I think we as fanboys are focusing on the wrong issues, when we are concerned about this being called the "Dark Knight Massacre", or the media comparing him to The Joker.
Is it stupid that the media is trying to connect this to the material more than it really is connected? Yes. It's nothing more than trying to gain ratings by creating a story where there isn't one, when you're trying to compare this guy to The Joker. But I think there's an aspect of "priorities in the wrong place" when fanboys are getting upset about how fictional characters are being treated in light of all of it.
I think the point he was going for was the fact that the gun was designed to kill people. Whereas comic books were designed for escapist fantasy. More that a gun can be used to kill a person, a 22 page comic can't.
The argument (not one that I agree with) is that violence in comic books (and movies, and video games, and music) do make people become violent, and commit crimes, because they are influenced by what they see.
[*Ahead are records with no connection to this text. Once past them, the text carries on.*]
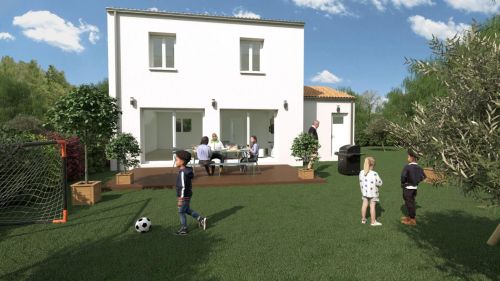 Venteterrain + maison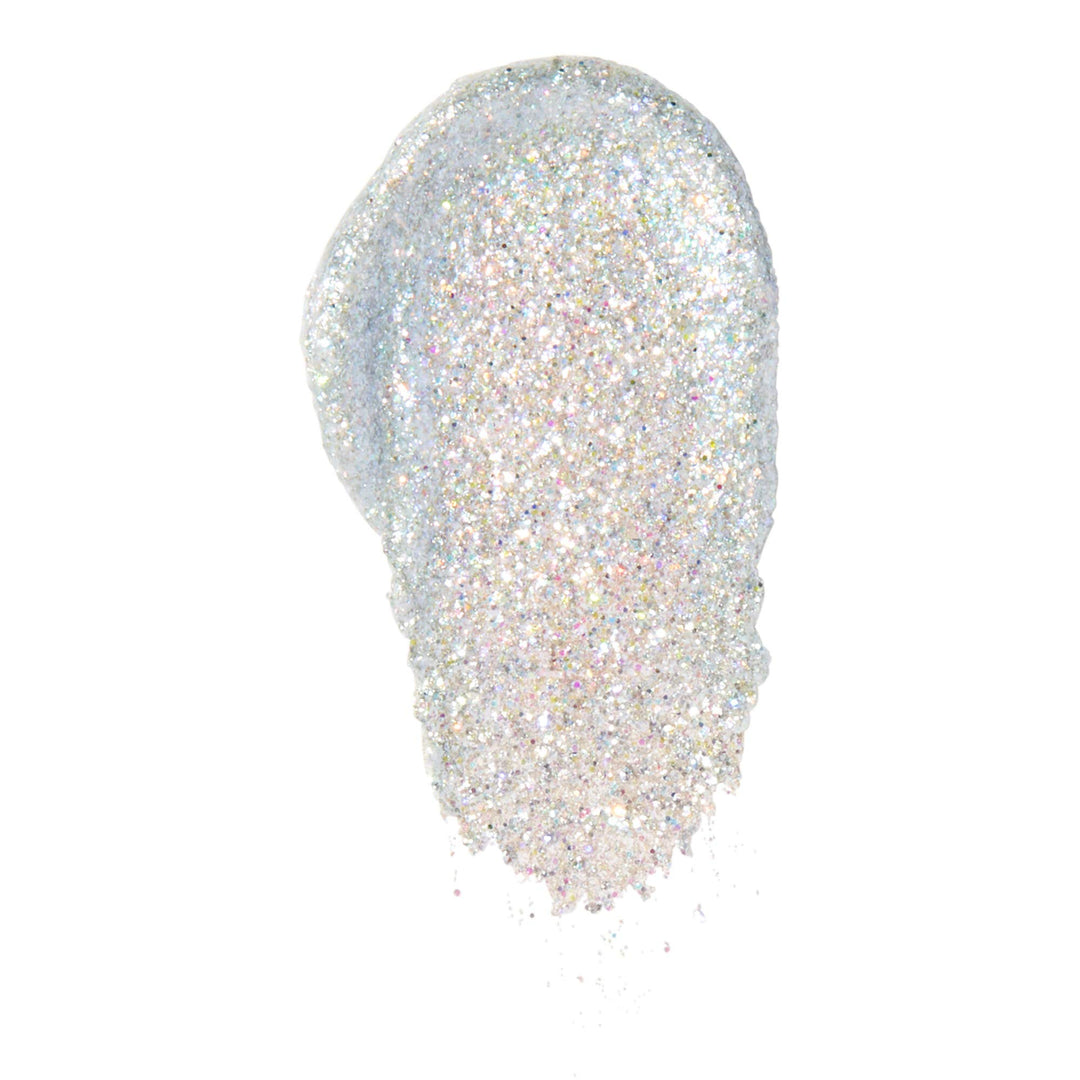 , Liquid Glitter Eyeshadow, Long Lasting, Quick-Drying, Opaque, Gel-Based Formula, Creates High-Impact, Multi-Dimensional Eye Looks, Disco Queen, 0.10 Fl Oz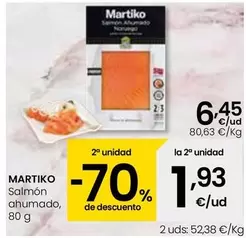 Martiko - Salmon Ahumado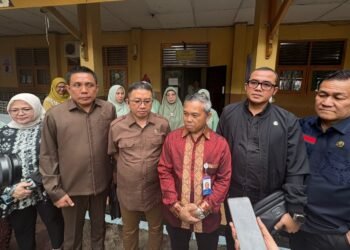 Kebutuhan Siswa Tinggi, BPMP Setujui Penambahan Rombel di SMPN 15 Palembang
The same way the argument (again, not one that I agree with) is that easier access to a gun leads to a higher likelihood of committing a violent crime.
My argument is that the crime would have been committed regardless of influence of comic books or access to guns. If he was going to do this, he was going to do it regardless. It wouldn't matter if he had read Batman comics or not, and it wouldn't matter if the guns he had were legal or not. He would have committed the crime anyways. And if not this crime, then another.